Leave every image out, and print the remaining lines below exactly.

Text-to-region grounding data
- - -

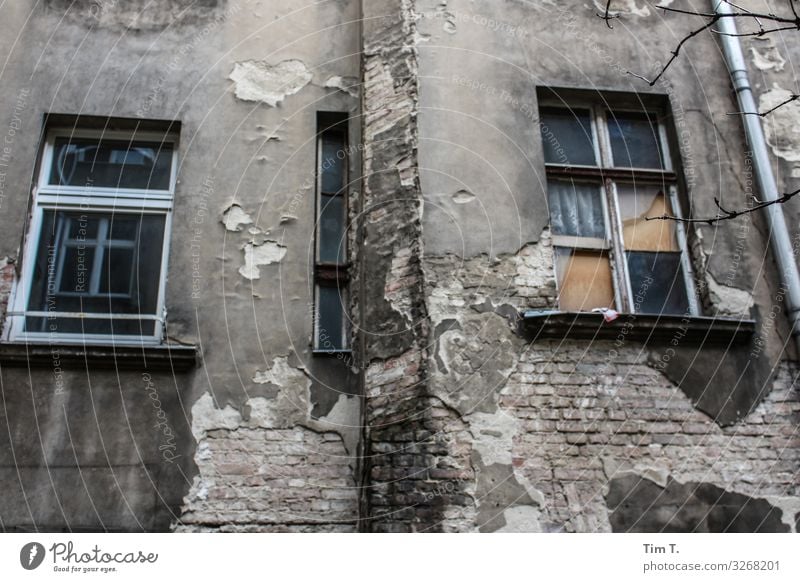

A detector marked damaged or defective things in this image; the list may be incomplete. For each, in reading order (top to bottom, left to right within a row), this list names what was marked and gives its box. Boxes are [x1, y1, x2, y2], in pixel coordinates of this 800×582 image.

peeling paint [228, 59, 312, 107]
broken window pane [48, 139, 173, 189]
broken window pane [540, 108, 596, 167]
broken window pane [608, 112, 664, 170]
peeling paint [756, 85, 800, 162]
peeling paint [222, 205, 253, 233]
peeling paint [241, 240, 288, 280]
broken window pane [318, 195, 346, 266]
broken window pane [548, 180, 604, 240]
broken window pane [556, 251, 612, 314]
broken window pane [616, 185, 680, 253]
broken window pane [628, 251, 692, 314]
broken window pane [316, 284, 346, 352]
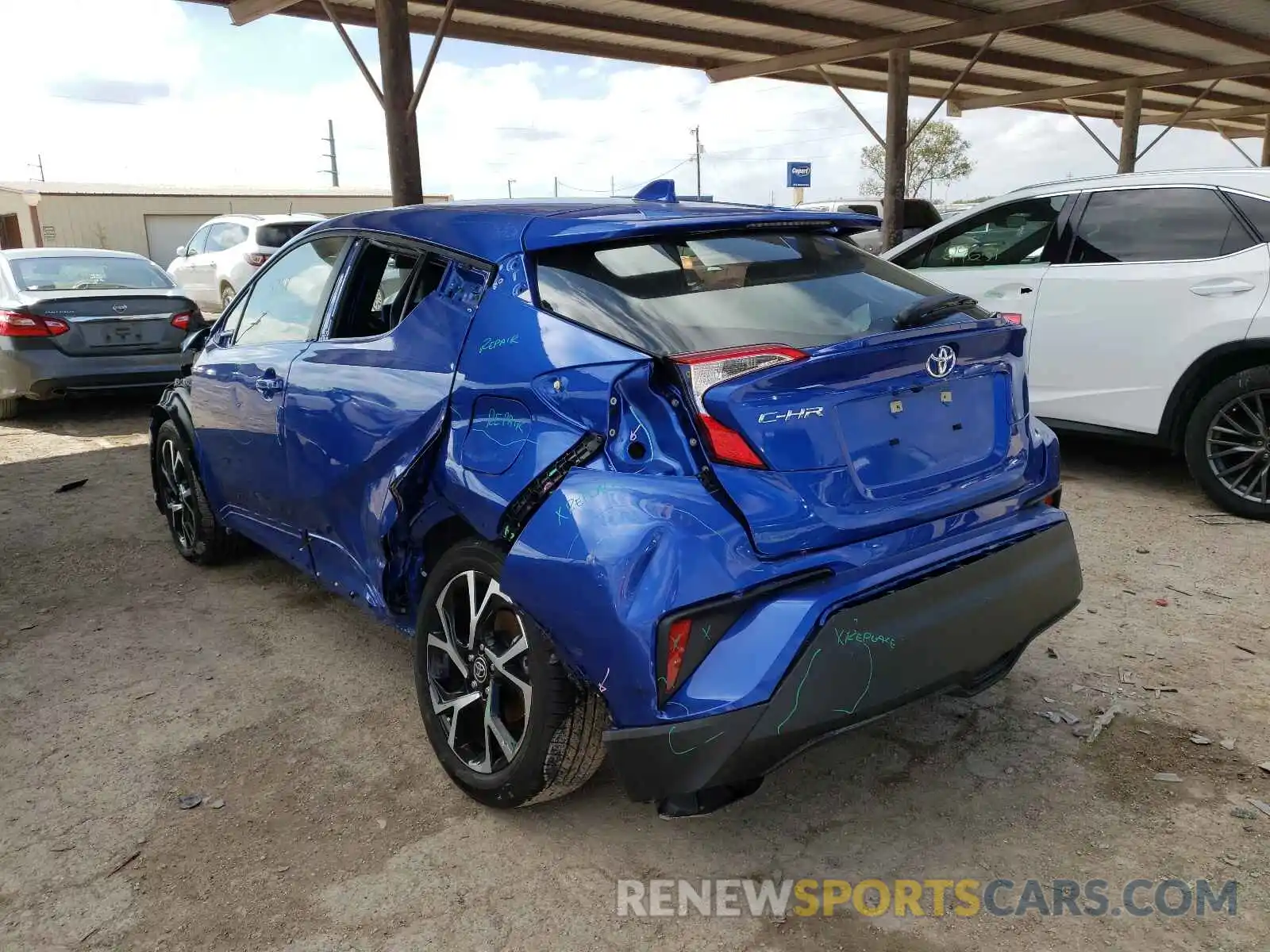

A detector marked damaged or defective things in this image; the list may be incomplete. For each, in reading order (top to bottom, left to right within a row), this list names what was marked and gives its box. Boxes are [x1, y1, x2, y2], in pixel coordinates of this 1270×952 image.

damaged blue car [148, 184, 1082, 822]
crumpled rear fender [500, 472, 767, 731]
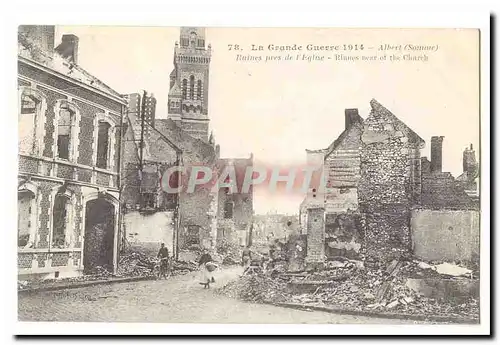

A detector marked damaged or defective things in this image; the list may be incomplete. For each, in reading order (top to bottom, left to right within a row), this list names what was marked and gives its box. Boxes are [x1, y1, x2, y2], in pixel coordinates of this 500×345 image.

damaged facade [17, 25, 127, 278]
damaged facade [300, 99, 480, 266]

- - -

*Problem solution*:
A detector marked damaged or defective things in this image; the list may be incomplete. For each, in reading order (top to bottom, left to right within a row), this list names what was marked and gives its box. Boxes are [x1, y1, x2, y2], in pixel coordinates of this 800×582 image.

peeling paint [228, 59, 312, 107]
broken window pane [48, 139, 173, 189]
broken window pane [540, 108, 596, 167]
broken window pane [608, 112, 664, 170]
peeling paint [756, 85, 800, 162]
peeling paint [222, 205, 253, 233]
peeling paint [241, 240, 288, 280]
broken window pane [318, 195, 346, 266]
broken window pane [548, 180, 604, 240]
broken window pane [556, 251, 612, 314]
broken window pane [616, 185, 680, 253]
broken window pane [628, 251, 692, 314]
broken window pane [316, 284, 346, 352]

A detector marked damaged or defective things in this image; the list may be incomplete. For each, in reading order (top to bottom, left to right within a row), this list names what was marked and gives its box. Boxes are [x1, y1, x2, y2], in pixel coordinates of this 1270×952 image.

damaged blue car [148, 184, 1082, 822]
crumpled rear fender [500, 472, 767, 731]

A detector marked damaged or defective things in this image; the list may be incomplete. For each, in reading order (top to bottom, left to right within a row), this list names what was marked and gives its box. Boxes are [x1, y1, x2, y2], in pixel coordinates of this 500×345 image.

damaged facade [17, 25, 127, 278]
damaged facade [300, 99, 480, 266]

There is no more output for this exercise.